Photo: Jakayla Toney
By: Nick Gambino
The moment it was announced that The New York Times was buying the free-to-play Wordle game for a low seven-figure price, those of us who are dedicated to solving the puzzle on the daily feared we were in for some changes. Would they start charging? Would they switch up the layout? What will they do to our beloved word game?
The NYT promised us they wouldn’t change anything. “At the time it moves to The New York Times, Wordle will be free to play for new and existing players, and no changes will be made to its gameplay,” they said in their press release.
If you’re paying attention to that slick journalistic wordplay, you’ll notice it’s entirely possible that they will put the game behind a paywall and change the way we play in the future. Well, it didn’t take long.

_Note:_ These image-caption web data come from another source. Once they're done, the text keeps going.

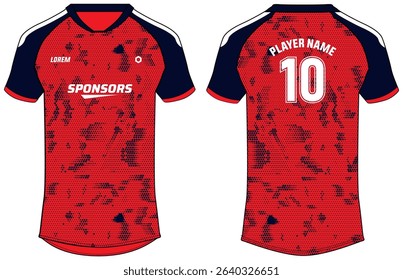Camouflage pattern Sports jersey t shirt design Flat sketch illustration , football jersey concept with front and back view for Cricket, soccer, Volleyball, Rugby, tennis and badminton uniform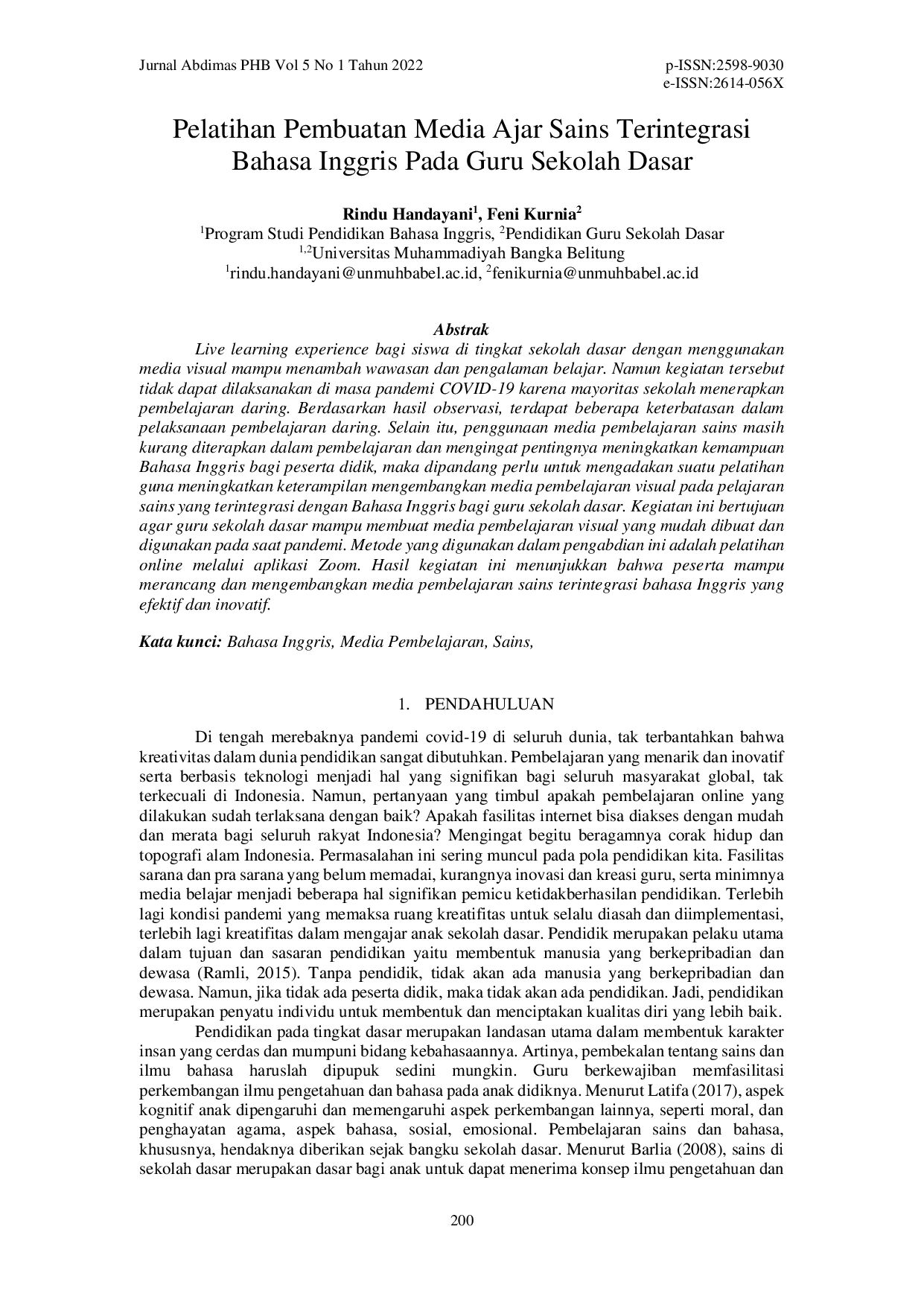 juris Pelatihan Pembuatan Media Ajar Sains Terintegrasi Bahasa Inggris Pada Guru Sekolah Dasar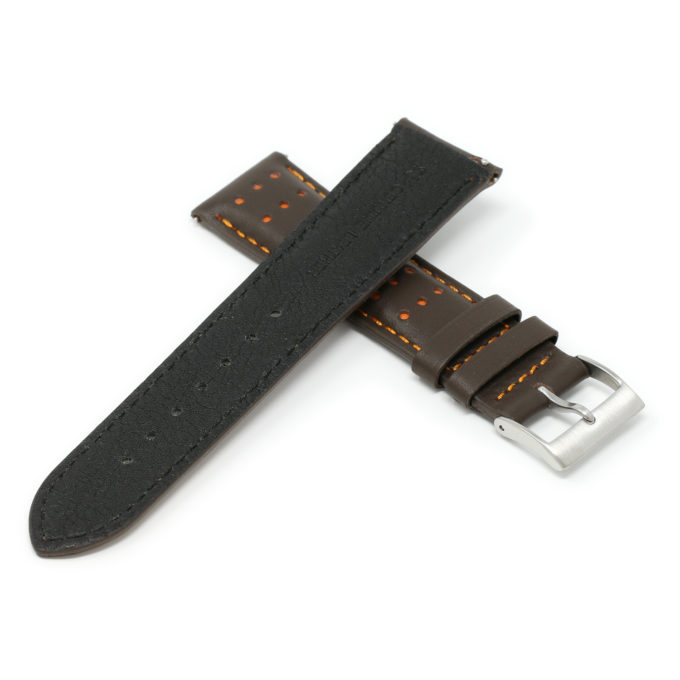 Ra8.2.12 Cross Brown & Orange DASSARI Perforated Leather Racing Rally Watch Band Quick Release Strap 18mm 20mm 22mm 24mm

Yesterday’s Wordle highlighted a pretty major change and this one is to the predetermined word list itself. You see, all of the forthcoming Wordles have already been set. Wait. Let’s back up in case you don’t understand how the game is played. Perhaps you’re just as confused as the rest of us once those little green, yellow and black squares started clogging up your social media feed.
Wordle is a simple word guessing game where you are given six attempts at guessing a five-letter word. After your first guess, you’ll be shown which letters are correct and whether or not they’re in the right place in the word. That’s it. The appeal is in its simplicity. There is only one word a day making it even simpler. Most avid players come back the next day to try and maintain their streak.

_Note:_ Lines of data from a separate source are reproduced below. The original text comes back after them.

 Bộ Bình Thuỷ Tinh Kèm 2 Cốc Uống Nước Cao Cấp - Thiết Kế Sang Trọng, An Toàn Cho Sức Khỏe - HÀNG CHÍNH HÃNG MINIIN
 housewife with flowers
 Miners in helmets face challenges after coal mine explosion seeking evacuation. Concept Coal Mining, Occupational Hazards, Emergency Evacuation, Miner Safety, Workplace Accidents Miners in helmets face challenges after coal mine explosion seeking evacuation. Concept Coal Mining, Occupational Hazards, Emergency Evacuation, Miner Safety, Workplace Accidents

As I said before, the words are in a predetermined list that you can find online if you really care to. Yesterday marks the first departure between the original powerlanguage.co.uk list and The NYT list. The original word was “AGORA” while the NYT word was “AROMA.”
“We are updating the word list overtime to remove obscure words to keep the puzzle accessible to more people, as well as insensitive or offensive words,” the NYT explained to ABC Reporter Michael Slezak.

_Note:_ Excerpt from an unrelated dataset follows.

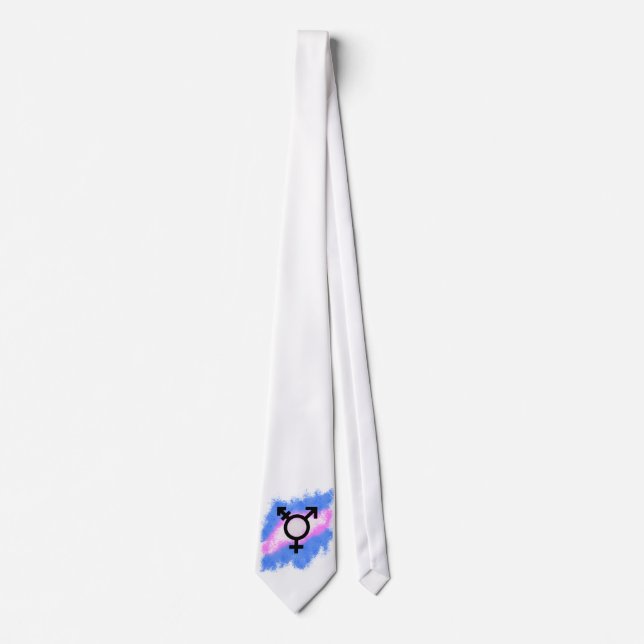 Transgender flag splash paint neck tie (Front)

In addition to changing the word list, they’ve removed words from the ones you can guess. That means, not just the solution to the daily puzzle but the guesses on your way to the solution.
Now, I know I’ve so far maintained a surly tone about this change, but I’m going to be real with you – I don’t really care. I’ve been playing the NYT Wordle for the past week or so and I’m happy with it. It feels the same and I’m not missing the future words that have changed or the offensive words I wasn’t planning on guessing anyway.
And for my friend who is playing the original game and had a hell of a time with “AGORA,” maybe it’s time to join me on the dark side and switch over to the NYT.